Starting at the first line of the data and ending at the line with "Texture of a", copy each line exactly. Include both of those lines, but no pictures.

★ ★ ★ ★ ★ ★ ★

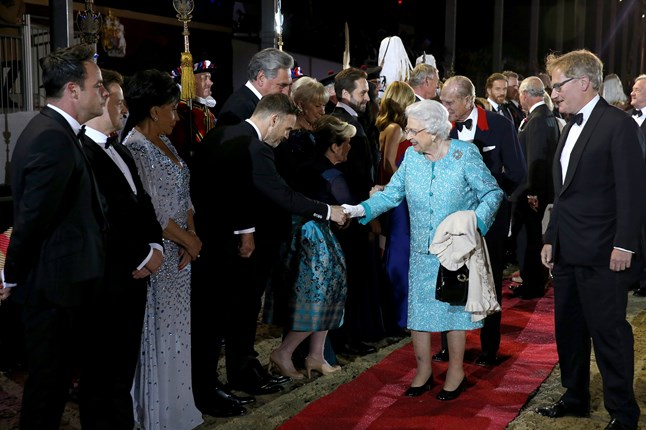 The Queen arrives with members of her family at Windsor Castle to celebrate her 90th birthday. 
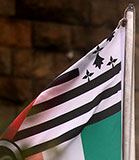 Corner of a flag flying from a flagpole below the Forth Bridge at North Queensferry.  Is this corner of the flag the 'Flag of Brittany'?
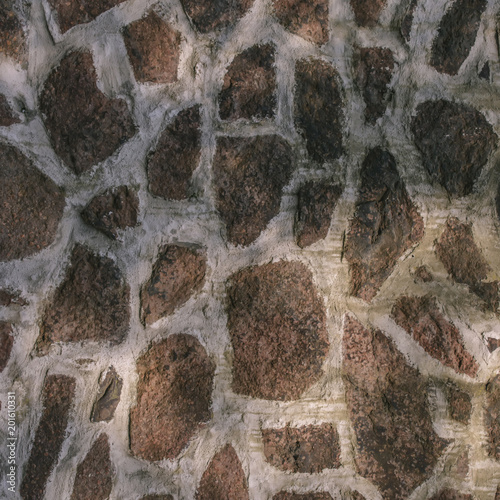 Texture of a wall from various stone blocks creating a pattern, background.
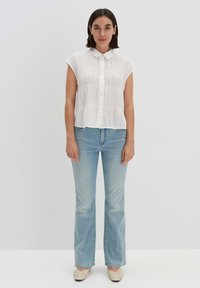 White short-sleeve shirt with textured fabric and button closure. Paired with light blue flared jeans and beige slip-on shoes.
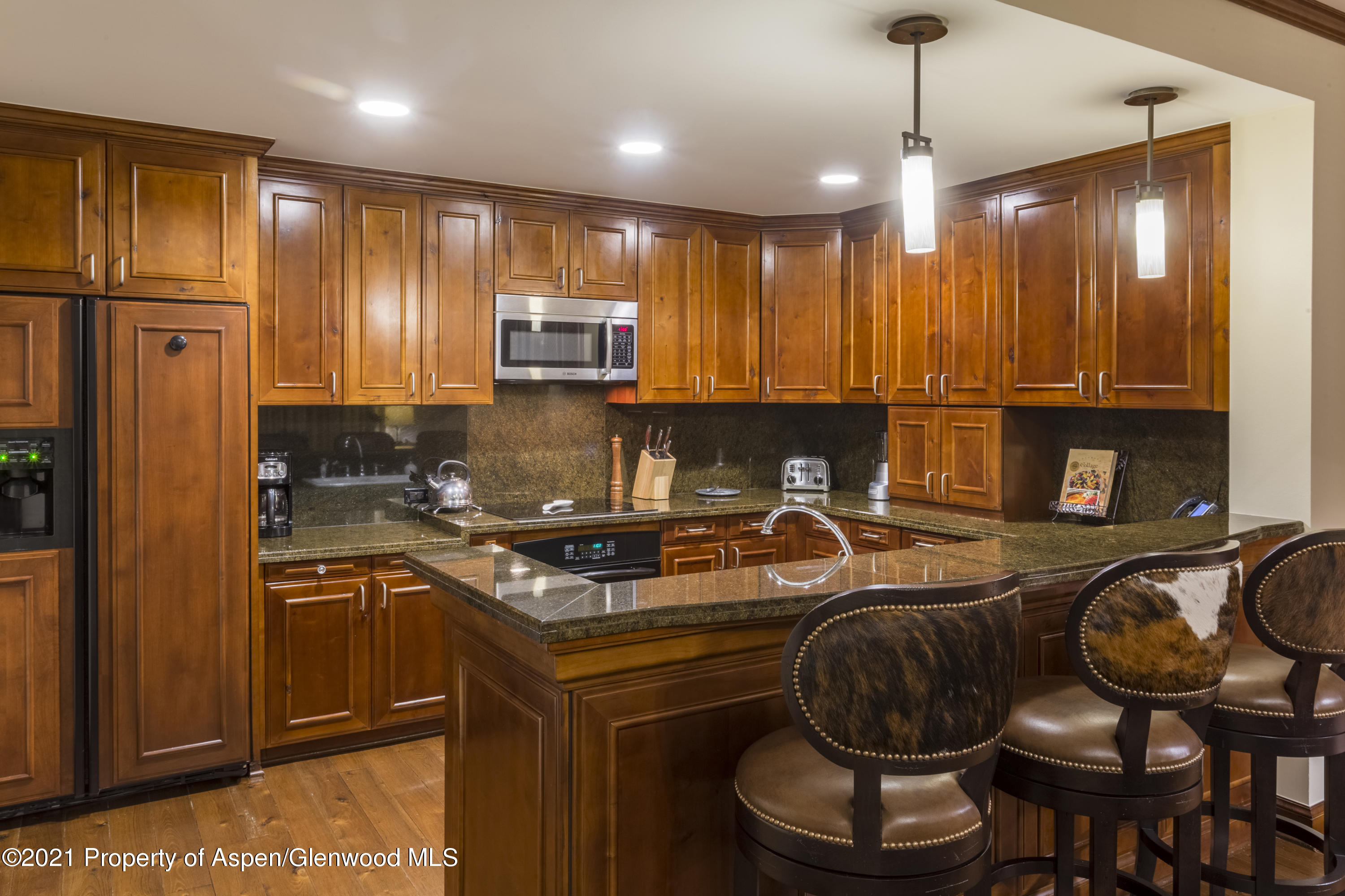 197 Prospector Road, Unit 2412 SUMMER INTEREST #10 Aspen, CO 81611 - Photo 9 of 22 a kitchen with stainless steel appliances granite countertop a stove a sink and a refrigerator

★ ★ ★ ★ ★ ★ ★

OUTPUT |
 The Queen arrives with members of her family at Windsor Castle to celebrate her 90th birthday. 
 Corner of a flag flying from a flagpole below the Forth Bridge at North Queensferry.  Is this corner of the flag the 'Flag of Brittany'?
 Texture of a wall from various stone blocks creating a pattern, background.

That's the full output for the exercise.